Tables contain a significant portion of the world’s structured information. The ability to efficiently and accurately understand, process, reason about, analyze, and generate tabular data is critical for achieving Artificial General Intelligence (AGI) systems.

However, despite their prevalence and importance, tables present unique challenges due to their structured nature and the diverse semantics embedded within them. Textual content, numerical values, visual formats, and even formulas in tables carry rich semantic information that is often underutilized due to the complexity of accurately interpreting and integrating.

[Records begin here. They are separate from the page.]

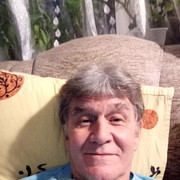  ,   , 62 ,   ,   , c 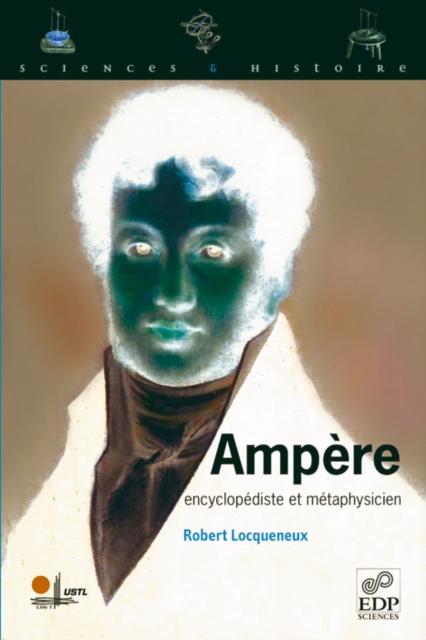 Ampère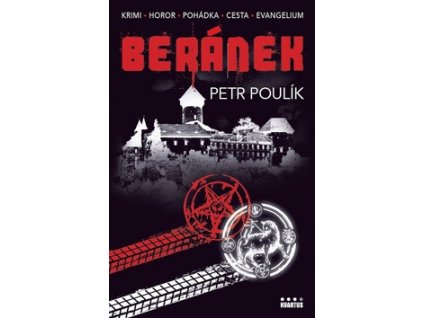 Beránek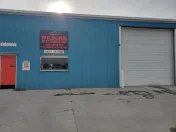 Milburn Automotive and towing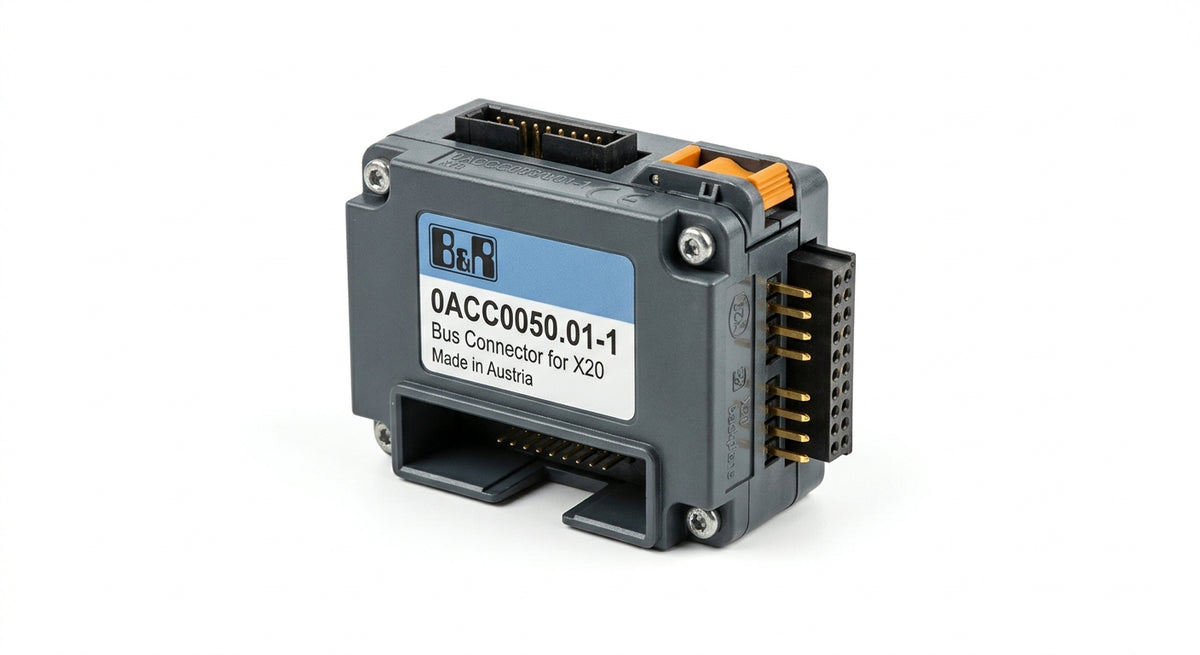 B&R 0ACC0050.01-1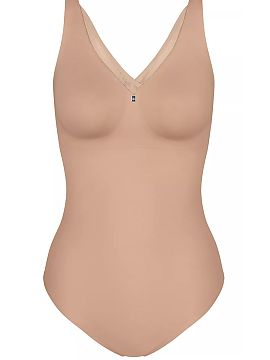 Shapewear Body Triumph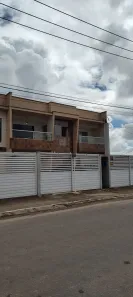 Apartamento com 3 Quartos à venda, 78m² no Santo Inácio, Cabo de Santo Agostinho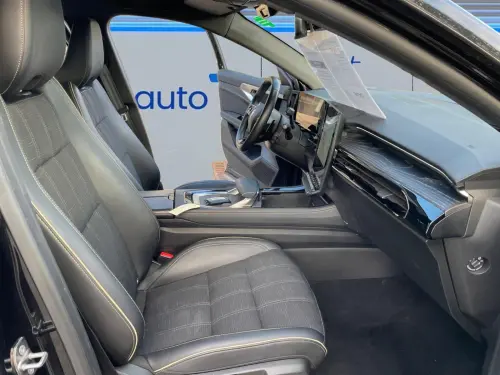 Renault Austral E-Tech hybrid 200 Iconic - Photo 16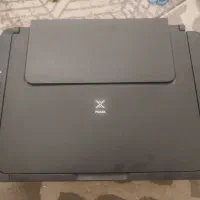 پلینتر جوهر افشان کنون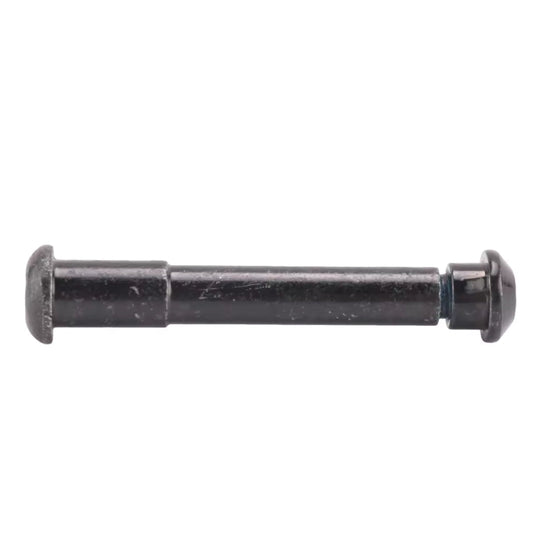 Fästsats vikmekanism Xiaomi M365 - Reservdel - Wheelyshop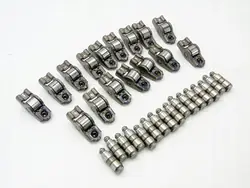 CGGDKPL MS14 OEM Stößel für 1.4 16V Motoren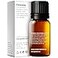 Gya Labs 100 Pure Citronella Essential Oil 034 Fl Oz Citronella Oil for Hair Skin Diffuser Aromatherapy DIY Candle Making Scent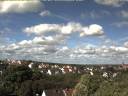 Vorschaubild von 03.09.2025 11:29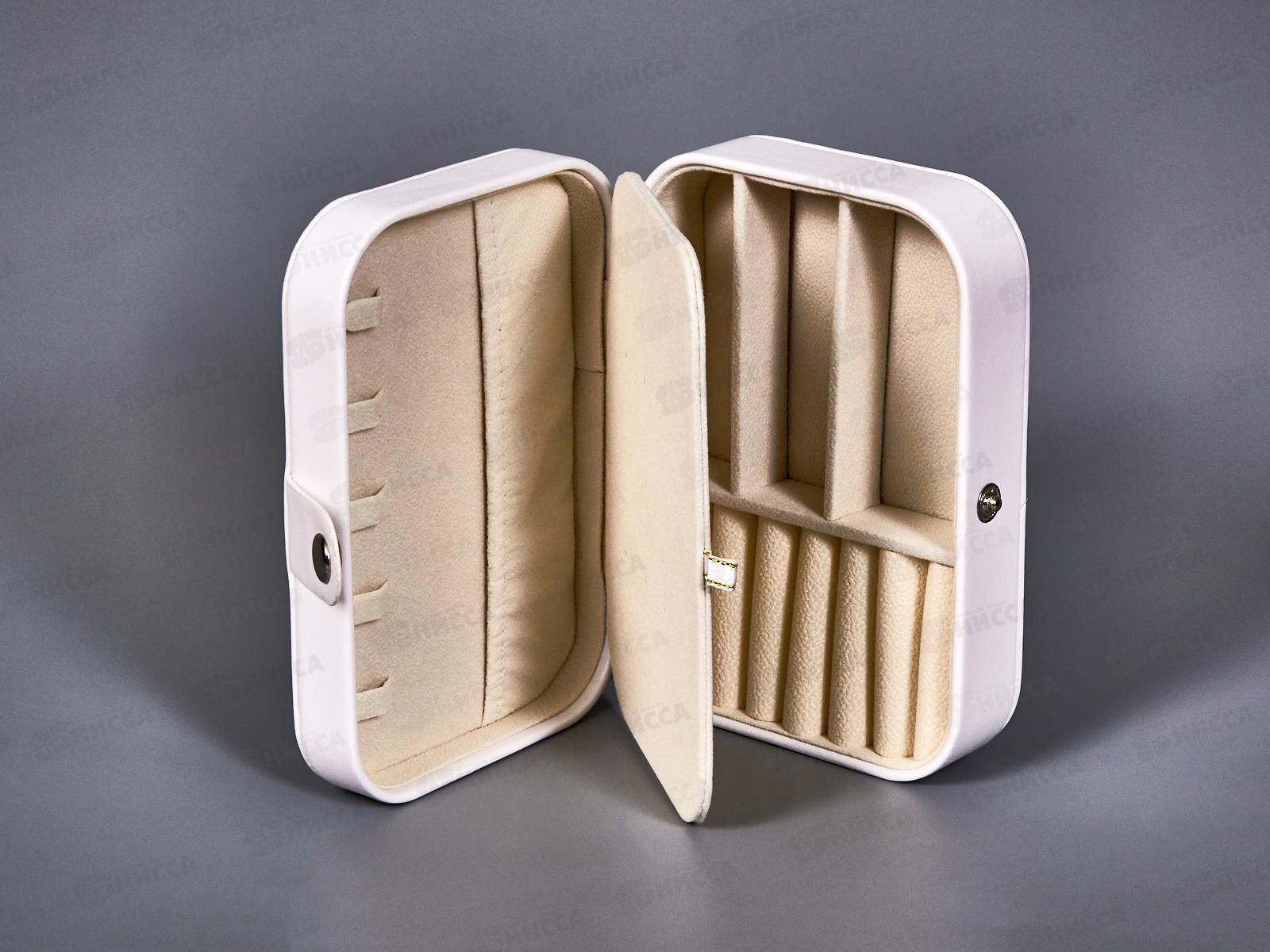 Шкатулка &quotПалумна&quot 616-752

Fortunately, the advent of Large Language Models (LLMs) has opened new frontiers in natural language processing (NLP) and machine learning (ML), showing remarkable success in understanding and generating text, code, etc. Applying these advanced models to the domain of tabular data holds the promise of significant breakthroughs in how we process and leverage structured information.

Therefore, this tutorial aims to provide a comprehensive study of the advances, challenges, and opportunities in leveraging cutting-edge LLMs for tabular data. By introducing methods of prompting or training cutting-edge LLMs for table interpreting, processing, reasoning, analytics, and generation, we aim to equip researchers and practitioners with the knowledge and tools needed to unlock the full potential of LLMs for tabular data in their domains.